The reaction. Should have expected. Been one of skepticism. Pundits in The Guardian cautioned that the absence of organisational form, a fixed system of leadership, and even a definitive title may condemn the movement to being a protest movement and not a governing opposition. But others observe that the number of people who supported it initially is such that there must be something more profound going on. As Al Jazeera reports, a YouGov survey estimates that nearly one in five Britons are already open to voting for the new party, a figure far outside the normal range of backing for marginal left-wing endeavors in the United Kingdom


This too must be placed within the larger context of British politics. The two-party system has been tested for decades, with the Liberal Democrats, UKIP, and now Reform UK proving that populist or single-issue parties can challenge electoral orthodoxy.
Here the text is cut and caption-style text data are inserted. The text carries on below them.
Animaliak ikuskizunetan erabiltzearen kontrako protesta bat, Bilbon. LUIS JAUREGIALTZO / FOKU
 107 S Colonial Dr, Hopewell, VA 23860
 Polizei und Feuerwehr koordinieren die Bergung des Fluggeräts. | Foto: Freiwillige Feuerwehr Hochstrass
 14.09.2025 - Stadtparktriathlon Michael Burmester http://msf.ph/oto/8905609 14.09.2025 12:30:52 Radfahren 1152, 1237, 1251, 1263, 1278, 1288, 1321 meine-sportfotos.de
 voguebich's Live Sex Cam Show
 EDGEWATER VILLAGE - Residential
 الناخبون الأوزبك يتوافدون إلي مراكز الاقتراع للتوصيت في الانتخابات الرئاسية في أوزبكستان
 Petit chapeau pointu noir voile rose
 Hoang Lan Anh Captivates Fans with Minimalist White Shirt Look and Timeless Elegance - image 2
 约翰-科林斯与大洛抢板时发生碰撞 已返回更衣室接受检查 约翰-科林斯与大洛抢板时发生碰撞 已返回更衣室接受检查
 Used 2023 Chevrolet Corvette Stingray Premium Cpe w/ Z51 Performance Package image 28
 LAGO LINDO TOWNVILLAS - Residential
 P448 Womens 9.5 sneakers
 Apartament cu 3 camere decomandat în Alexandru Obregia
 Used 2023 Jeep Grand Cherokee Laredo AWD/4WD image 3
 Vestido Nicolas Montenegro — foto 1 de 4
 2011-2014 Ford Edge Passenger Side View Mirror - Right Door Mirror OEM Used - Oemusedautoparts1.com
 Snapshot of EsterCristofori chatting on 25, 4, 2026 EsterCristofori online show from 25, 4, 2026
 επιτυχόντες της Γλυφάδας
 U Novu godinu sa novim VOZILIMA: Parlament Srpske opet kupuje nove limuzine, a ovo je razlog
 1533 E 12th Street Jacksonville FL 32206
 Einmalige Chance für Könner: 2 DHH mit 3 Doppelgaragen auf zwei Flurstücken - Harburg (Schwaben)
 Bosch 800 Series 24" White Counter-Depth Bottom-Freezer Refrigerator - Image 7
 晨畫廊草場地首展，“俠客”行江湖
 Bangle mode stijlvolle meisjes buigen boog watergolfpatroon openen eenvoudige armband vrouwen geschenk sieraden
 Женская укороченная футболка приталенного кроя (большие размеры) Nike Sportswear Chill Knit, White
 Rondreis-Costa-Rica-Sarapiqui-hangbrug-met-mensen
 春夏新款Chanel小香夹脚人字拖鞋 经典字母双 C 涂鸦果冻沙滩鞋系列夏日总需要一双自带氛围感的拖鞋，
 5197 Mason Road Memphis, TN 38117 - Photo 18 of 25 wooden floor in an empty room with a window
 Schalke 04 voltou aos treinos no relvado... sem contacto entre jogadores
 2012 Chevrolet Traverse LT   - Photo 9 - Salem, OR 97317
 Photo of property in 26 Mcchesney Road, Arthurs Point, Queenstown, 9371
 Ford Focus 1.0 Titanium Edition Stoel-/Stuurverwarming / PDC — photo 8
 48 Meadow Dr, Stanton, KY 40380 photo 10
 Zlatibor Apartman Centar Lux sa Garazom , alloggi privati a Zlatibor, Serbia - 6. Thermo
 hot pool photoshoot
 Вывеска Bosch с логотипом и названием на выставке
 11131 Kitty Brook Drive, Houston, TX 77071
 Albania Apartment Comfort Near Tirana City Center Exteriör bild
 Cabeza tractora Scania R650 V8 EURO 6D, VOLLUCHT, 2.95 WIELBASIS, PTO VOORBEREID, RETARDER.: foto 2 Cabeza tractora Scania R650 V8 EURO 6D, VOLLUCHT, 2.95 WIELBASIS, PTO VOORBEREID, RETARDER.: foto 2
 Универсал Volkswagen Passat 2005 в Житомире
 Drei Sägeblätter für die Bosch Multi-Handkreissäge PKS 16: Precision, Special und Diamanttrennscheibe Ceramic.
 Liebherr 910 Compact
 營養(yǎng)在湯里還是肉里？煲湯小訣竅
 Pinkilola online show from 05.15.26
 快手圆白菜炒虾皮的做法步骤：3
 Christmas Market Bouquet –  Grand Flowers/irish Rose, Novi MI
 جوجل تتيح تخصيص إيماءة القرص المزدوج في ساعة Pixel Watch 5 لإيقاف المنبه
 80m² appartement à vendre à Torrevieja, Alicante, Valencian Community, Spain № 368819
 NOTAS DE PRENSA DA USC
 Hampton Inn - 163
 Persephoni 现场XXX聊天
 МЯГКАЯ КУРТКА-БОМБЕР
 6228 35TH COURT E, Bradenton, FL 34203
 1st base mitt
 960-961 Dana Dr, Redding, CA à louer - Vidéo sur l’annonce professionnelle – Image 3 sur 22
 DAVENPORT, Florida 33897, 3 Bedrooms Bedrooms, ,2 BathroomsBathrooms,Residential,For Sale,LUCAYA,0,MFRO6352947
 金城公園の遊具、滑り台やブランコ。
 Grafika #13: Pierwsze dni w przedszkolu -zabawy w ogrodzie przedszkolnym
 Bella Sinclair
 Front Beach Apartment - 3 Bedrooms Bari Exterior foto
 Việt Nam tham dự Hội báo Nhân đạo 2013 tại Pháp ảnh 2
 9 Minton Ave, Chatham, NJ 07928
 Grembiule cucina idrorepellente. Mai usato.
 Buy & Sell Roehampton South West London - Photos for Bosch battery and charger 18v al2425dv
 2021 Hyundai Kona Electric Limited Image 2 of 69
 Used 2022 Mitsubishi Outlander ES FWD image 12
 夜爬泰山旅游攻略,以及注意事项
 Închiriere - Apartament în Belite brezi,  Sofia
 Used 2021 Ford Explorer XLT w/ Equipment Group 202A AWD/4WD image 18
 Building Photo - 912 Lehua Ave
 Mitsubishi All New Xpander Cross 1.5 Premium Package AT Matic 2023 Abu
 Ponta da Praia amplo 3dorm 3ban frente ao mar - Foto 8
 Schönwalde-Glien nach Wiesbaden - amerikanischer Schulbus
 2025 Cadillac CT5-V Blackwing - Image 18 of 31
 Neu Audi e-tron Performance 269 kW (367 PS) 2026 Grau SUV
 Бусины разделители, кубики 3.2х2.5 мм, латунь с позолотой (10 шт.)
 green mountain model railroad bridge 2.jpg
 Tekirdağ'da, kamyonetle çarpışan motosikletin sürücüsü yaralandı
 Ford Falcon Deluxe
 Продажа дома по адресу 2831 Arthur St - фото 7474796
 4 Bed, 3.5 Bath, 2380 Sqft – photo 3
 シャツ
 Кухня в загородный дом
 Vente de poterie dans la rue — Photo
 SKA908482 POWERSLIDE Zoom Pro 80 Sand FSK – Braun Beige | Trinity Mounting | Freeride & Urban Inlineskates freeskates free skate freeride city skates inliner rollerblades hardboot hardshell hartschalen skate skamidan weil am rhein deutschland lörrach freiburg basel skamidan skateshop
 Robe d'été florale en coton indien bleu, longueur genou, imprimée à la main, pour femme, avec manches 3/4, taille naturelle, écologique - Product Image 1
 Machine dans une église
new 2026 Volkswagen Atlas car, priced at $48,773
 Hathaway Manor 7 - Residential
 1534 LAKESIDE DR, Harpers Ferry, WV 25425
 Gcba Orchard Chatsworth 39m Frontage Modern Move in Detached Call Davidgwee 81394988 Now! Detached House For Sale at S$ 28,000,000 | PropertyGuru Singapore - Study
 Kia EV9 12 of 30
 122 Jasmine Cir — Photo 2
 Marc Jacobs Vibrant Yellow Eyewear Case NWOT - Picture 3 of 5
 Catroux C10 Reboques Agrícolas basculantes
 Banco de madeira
Reform UK particularly has surfed on the tide of anti-immigration and national identity emotions on heart-string appeals to win over disillusioned Labour and Conservative voters. A Financial Times analysis recently described how right-wing populism has been more successful at mobilising voters in the short term, while left-wing populism has largely struggled to convert grassroots momentum into institutional influence over the long term.


Zarah Sultana is one of the leading names of this new generation of the left. Elected with a growing majority in 2024, she became famous nationwide for her strident denunciation of British arms sales to Israel and her robust denunciation of Starmer's Gaza policy. Her suspension from Labour then provided the spark many campaigners had long hoped for. Her decision to co-found a new party with Corbyn has made her a lightning rod for debate about the future of the British left. To some of their supporters, she symbolizes the generational turn towards a politics of climate justice, anti-imperialism, and radical equality. To others, she is proof of the left's inability to absorb and participate in pragmatic government.


Whether "Your Party" takes root as a permanent influence or vanishes as another short-lived experiment is up to the extent to which it is able to institutionalise its early momentum. British political history provides both models. The Social Democratic Party of the 1980s transitorily exploded then lapsed back into merger with the Liberals. By contrast, UKIP never achieved more than a handful of seats but changed the politics agenda by demanding the Brexit referendum. Corbyn and Sultana's faction can either way go, but the scale alone of early backing against it means that there is little chance that this anger with Labour under Starmer is a flash in the pan.


The irony of the circumstance is that Labour has just recaptured power after over a decade out of power, and already its restive heartland has produced a split. Keir Starmer's emphasis on competence, moderation, and electability succeeded in displacing the Conservatives but not sufficiently to give hope to those who had longed to see a project of transformation. Over against this stands the shadow of Tony Blair. Blair was also blamed for diluting Labour's socialist roots, yet his vision for New Labour and the Third Way permeated so thoroughly the centre ground that he was able to win three consecutive general elections. For those of the left who accused him, the division that now exists under Starmer is a delayed accounting for the compromises which Blair brought in during the 1990s.


What is clear is that British politics is once again heading into turbulence. The formation of Corbyn and Sultana's new party is proof both of the desire for radical alternatives and of the fragility of Labour's hold on its traditional coalition. Whether or not this will transform the system in the way that Blair's New Labour did, or prove to be a symbolic protest, will be one of the most important political questions of the next decade. For now, the record of Tony Blair as Labour's golden boy is a claim that vision, leadership, and the capacity to remake oneself can take a party from debacle to hegemony. The challenge for the new left is whether it possesses the same capacity to reverse fortunes in a period where populism, fragmentation, and disillusionment are shaping the politics of countries.